As regards commercial companies and cooperatives, we must take into account the transitional provisions contained in the new Civil Code regarding legal persons as well as those contained in the Law on Commercial Companies, that specify the general rules. In particular, with regard to obligations deriving from transitional provisions for existing commercial companies, it is necessary to distinguish two instances:
1) The obligatory application of mandatory provisions of law and relative obligation to adapt the provisions to internal documentation – the latter in fact is set out in the Civil Code as well as in the Law on Commercial Companies
2) The opt-in possibility, i.e. the faculty to decide whether to submit entirely to the new rules, regulated only by the Law on Commercial Companies
Mandatory provisions of law apply to operations of commercial companies and cooperatives from the instant in which the Law on Commercial Companies enters into force, so that any provisions in the statute that are in contrast with them will not be applied.
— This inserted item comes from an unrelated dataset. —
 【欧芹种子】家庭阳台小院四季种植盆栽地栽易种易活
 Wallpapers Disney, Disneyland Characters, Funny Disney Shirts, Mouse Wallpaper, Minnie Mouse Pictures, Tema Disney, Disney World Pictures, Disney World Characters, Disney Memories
Furthermore, commercial companies have been obliged to adapt the provisions, regarding their internal documentation, to the mandatory provisions of the Law on Commercial Companies by 01/07/2014. This obligation involves primarily the corporate statute or social contract, but the same rule applies also to other internal documentation. If the company does not comply with this requirement – i.e. if it does not adapt the statute or the social contract even after a request by the Court that is competent for managing the Registry of Companies – it will risk being cancelled and ending up in liquidation.
Particularly relevant are the provisional measures regarding contracts for the exercise of statutory board functions. The law on Commercial Companies states that with regard to remuneration – if no contractual provisions have been set down for these contracts, the exercise of the function is to be considered free of charge.
Commercial companies have an opt-in possibility to decide whether to submit completely to the new rules by 01/01/2016. Until the adoption of the decision, company operations will be regulated in some respects according to the old Commercial Code, and for other aspects by the Law on Commercial Companies and particularly by coercive forms of provisions. This state of things, however, is creating a certain amount of uncertainty for commercial companies, because the range of coercive forms of provisions, i.e. those that cannot be derogated from, might vary in view of the different interpretation of the norms themselves.
The development of corresponding jurisprudence may take some time and it is impossible to determine how long it will take. However, serious attempts are actually being made to find the best interpretative ways by means of discussion on the various aspects of the new legislation.
The opt-in provision is a subject of debate, because it has not been defined clearly whether it is a possibility or an obligation and if a company may submit completely to the new rules after the established time.
As stated previously, commercial companies have two options on how to meet their obligations under the new law – either to proceed with the revision of the currently valid statute or to submit completely to the new rules and draw up a completely new statute. In the case of a lack of choice, it is the courts that will require it. However, by not complying with the request, the company risks going into liquidation, initiated ex officio by the court and managed by a liquidator appointed by the same court.